Reviewed by Aug 27, 2020| Updated on
What is 3D Printing?
3D printing is carried out to create a physical object from a digital design. Also known as additive manufacturing, it fuses thin layers of material in the form of liquid or powdered plastics, metal, or cement to create solid objects.
Breaking Down the 3D Printing
Nowadays, 3D printing technology has considerably increased manufacturing productivity. It is capable of significantly interrupting the manufacturing logistics and inventory management industries if it can be used successfully in mass manufacturing and if manufacturing becomes more local.
In reality, 3D printing speeds are still too sluggish for mass manufacturing. For now, the technology mostly decreases the lead time in the production of parts, equipment prototypes, and the machinery required to make them. This is a massive advantage for smaller-scale producers as it reduces costs and selling time.
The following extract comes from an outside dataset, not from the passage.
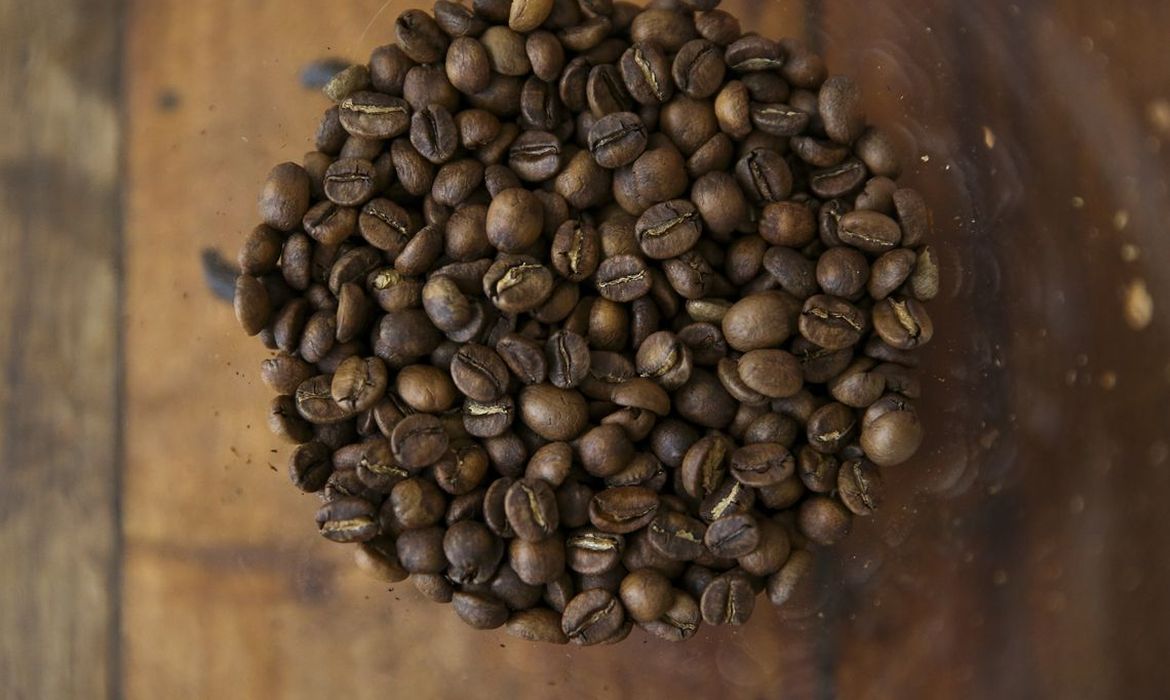 ブラジルの生産者と米国のサプライチェーンへの影響が大きいコーヒー(© Marcelo Camargo/Agência Brasil)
3D printing is used in hydroforming, stamping, injection moulding, and other processes. This is because 3D printing can develop complex and intricate shapes with less material as compared to subtractive manufacturing processes, such as milling.
Why is 3D Printing Incredible?
Manufacturers of cars and aircraft have taken the lead in 3D manufacturing to transform the design and production of unibody and fuselage, and design and production of power trains.
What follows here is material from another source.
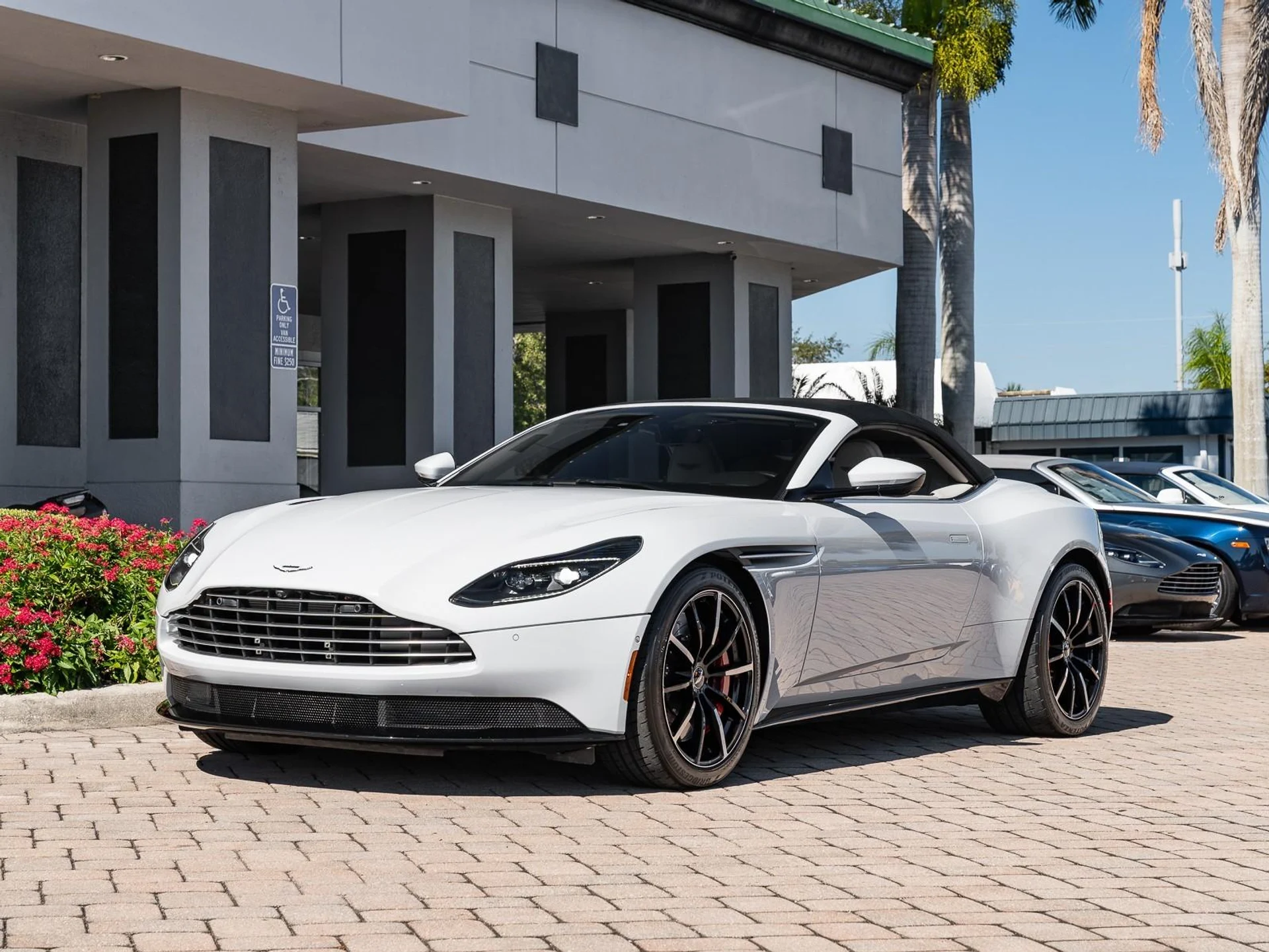 mph011_1859019834_Used_2022_Aston_Martin_DB_11_Volante_1767028100_f56957ba7a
Boeing is using 3D-printed titanium parts to create the Dreamliner 787 aircraft range. Air forces of the U.S. and Israel are already manufacturing spare parts using 3D printers.
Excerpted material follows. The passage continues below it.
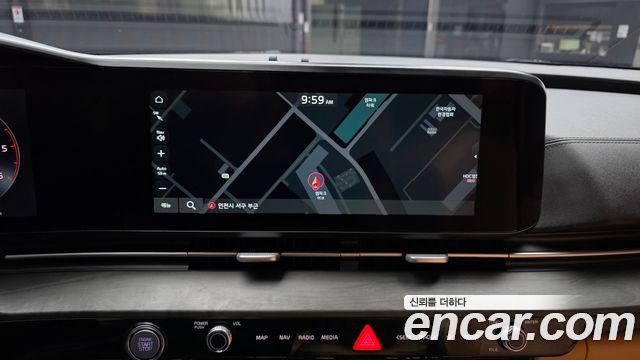 Kia Canival 2021 — photo 20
In 2017, GE, which sees itself at the forefront of the industrial internet, created a helicopter engine with 16 parts instead of 900—a sign of how great an impact 3D printing could have on supply chains.
In fashion, 3D printing is used by Nike, Adidas, and New Balance to create prototypes quicker than ever, and customize shoes. Nike revealed in 2018 that it had made the first 3D-printed textile upper in performance footwear, called Flyprint. This model, specifically, engineers the textile by unwinding a coil of thermoplastic filament that is set in melted layers.
Companies around the world are making new advances in 3D-home printing within the construction industry. Homes can be constructed in 48 hours using layers of concrete, which are more robust than standard cinder blocks and only at a fraction of the price.